Walk into any furniture store in India and you will find two very different ideas of what a wooden bed should look like. On one side: the traditional wooden bed — heavy, ornate, high off the ground, carved headboard, dark polish. On the other: the modern wooden bed — low, clean, quiet, built around the wood itself rather than decoration applied on top of it.
Both are made from wood. Both can last a lifetime. But they come from entirely different design philosophies — and they create entirely different feelings in a room.
If you are trying to decide which to choose when you buy a wooden bed online, this comparison will help you think it through clearly.
What Is a Traditional Wooden Bed?
The traditional Indian wooden bed — often made from sheesham or teak — is built around presence. High headboards, sometimes carved. Dark finishes, often lacquered. A platform height of 20 inches or more. Decorative detailing on the legs and frame.
It is furniture that announces itself. In a large, traditionally furnished room, it works beautifully. It carries a sense of permanence and formality that suits certain homes and certain aesthetics.
But in a modern Indian apartment — where rooms are smaller, ceilings are lower and the design language is moving toward calm and simplicity — a heavy, high traditional bed can make the room feel crowded and closed in.
What Is a Japandi Bed?
A Japandi bed comes from the design philosophy that blends Japanese minimalism with Scandinavian warmth. The result is furniture that is quiet, grounded and built around the honest beauty of natural materials.
A Japandi wooden bed frame typically sits low to the ground — between 12 and 18 inches. The lines are clean and undecorated. The wood is left to speak for itself: its grain, its warmth, its natural variation. There is no carving, no dark lacquer, no hardware on display. Just the material and the form.
In a room, a Japandi bed does something a traditional bed rarely does: it makes the space feel larger. The low profile draws the eye outward. The light wood tone reflects rather than absorbs. The absence of visual clutter lets the room breathe.
The Key Differences at a Glance
Height and Proportion
Traditional: High platform, often 20"+ from floor to top of mattress. Visually dominant, suits large rooms.
Japandi: Low profile, typically 14–18" total height. Visually recessive, suits rooms of all sizes — especially compact ones.
Wood and Finish
Traditional: Often sheesham or teak with a dark polish or lacquer finish. Rich and formal.
Japandi: Often pinewood, oak or ash with a natural or light matte finish.
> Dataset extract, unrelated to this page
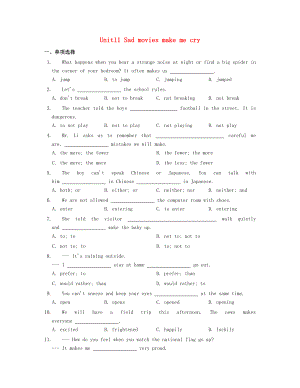 九年级英语全册《Unit-11-Sad-movies-make-me-cry》基础练习-(新版)人教新目标版.doc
Warm and understated.
Joinery and Construction
Traditional: Typically bolt-and-screw assembly with decorative hardware visible on the frame.
Japandi: Minimal or screwless joinery — the construction is part of the design, not hidden behind decoration.
Design Language
Traditional: Ornate, carved, detailed. The bed is the centrepiece of the room.
Modern wooden bed (Japandi): Clean, undecorated, intentional. The bed anchors the room without dominating it.
Longevity of Style
Traditional: Timeless within its own aesthetic — but difficult to pair with contemporary interiors.
Japandi: Genuinely timeless — works with minimalist, Scandinavian, wabi-sabi, contemporary and even transitional interiors.
Which One Is Right for Your Bedroom?
Choose a traditional wooden bed if your home has large rooms, high ceilings and a classically furnished aesthetic — and if you want furniture that makes a bold, formal statement.
Choose a Japandi bed if you want a bedroom that feels calm, open and considered. If your room is compact. If you are drawn to natural materials and clean lines. If you want a modern wooden bed that will still feel relevant in ten years — and will work with almost any interior direction you take in the future.
For most contemporary Indian homes, the Japandi approach is simply the smarter long-term investment.
The Poka Bed: A Modern Wooden Bed Built for the Long Term
The Poka Bed by A Good Life is our answer to the question of what a Japandi bed should feel like in an Indian home.
Named after poka poka (ポカポカ) — the Japanese word for gentle, enveloping warmth — it is handcrafted from solid Canadian pinewood with a screwless joinery system and a low, grounded silhouette that makes any bedroom feel more open and more settled.
What Makes It Different
- Solid Canadian pinewood — no MDF, no veneers, no shortcuts
- Screwless joinery — interlocking panels, no visible hardware, no wobble over time
- 15.5" height — low and grounded, opens up the room visually
- Natural matte finish — the grain is the design
- Hand-made — slight natural variation in texture and tone is expected and intentional
Sizes and Pricing
- King: 78" (L) × 81" (W) × 15.5" (H) — fits a 75" × 72" mattress — ₹98,490
- Queen: 78" (L) × 72" (W) × 15.5" (H) — fits a 72" × 66" mattress — ₹98,490
- Custom sizes available — write to hello@agoodlife.in
Ships flat-packed across India within 2 weeks.
A Final Thought
The best wooden bed frame is not the most expensive one or the most decorated one. It is the one that makes your bedroom feel the way you want to feel when you walk into it.
If that feeling is calm, warm and quietly considered — a modern wooden bed in the Japandi tradition is where to start.